I don't have anything packaged and ready to go to recommend for writing or literature. 




post #4 of 6
Thread Starter 
My children have always been happy with workbook syle. The English material we use for K-6 is a workbook. I say that they are happy with workbooks, but that is on the condition that they are not boring. Boring for them means no pictures mainly. But occasional crossword puzzles and interesting stories to read also make them happy. One year, they decided that they wanted a change and we got spectrum material, which they thought terribly boring. Would the grammar workbooks your recommended, Amy, fit that definition of not boring?

I've looked at Oak Meadow before and the pricing has always been the major factor in why I have. Not considered it. But if the material is good, perhaps it makes more sense. I have wasted money on more school materials than the spectrum material and Wyldeck's book before. I ended up never getting science, history, geography, and civics material this because of not wanting to waste money getting something that they wouldn't like. I am getting books from the library that we read, instead. The library is not a possibility for English books, though, since over ninety-nine percent of the books at the library are not in English. Will you tell me more about Oak Meadow, please?
post #5 of 6

Personally I think that while early on there can be a role for the piecemeal language arts groundwork that can be built through workbooks, reading excerpts, spelling lists and such, by 7th grade it's time to move into meatier stuff. Perhaps that's why your previous curriculum only went that far? By meatier stuff I don't necessarily mean that it's more time-consuming: just that it synthesizes the piecemeal skills into extended purpose-driven writing, and the reading and interpretation of literature. I don't think you necessarily need a curriculum for that, nor do I think it needs to take up much time. Learning about vocabulary, grammar, spelling and composition is all done within the context of those two tasks. Pick a novel or two per term, have your child read them, and do some sort of related analytical essay, fan fiction or book review. I have a 7th-grader and her English "curriculum" is no more complicated than that. Right now she's reading the Hunger Games and taking notes for an essay which will compare and constrast the book and the movie. 


Have you considered purchasing an inexpensive (e-ink) Kindle or similar and using that as a way immediately source, purchase and read books in English? There is tons of classic literature that's free in the public domain, and any on-line purchasing isn't fraught by shipping delays and costs. We live in a Canada in a rural area without library access, and we bought the Canadian equivalent of a Kindle Paperwhite on sale last summer for under $50. It's already saved us lots more than that. 



post #6 of 6
Thread Starter 
I had never considered buying a kindle because I have never seen one in my country, which is not really that technically advanced.
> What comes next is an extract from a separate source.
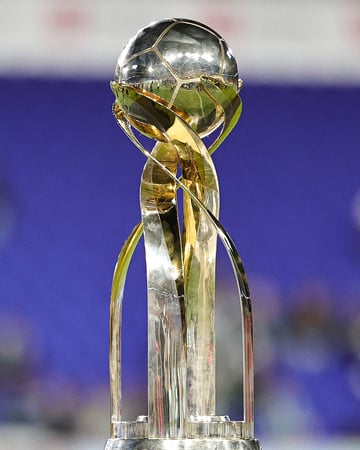 Close-up of the NWSL Championship trophy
But I have seen them in travels. I had never put aconnection together of all the classical books available for free download and kindles. Thank you for telling me those can be read on kindle. I have always wanted my children to read classic children's books, but availability is a big problem for that. I'm going to talk with my oldest about how he would feel about reading on a kindle, instead of holding a book in his had. Maybe that would be a very good solution. Thank you!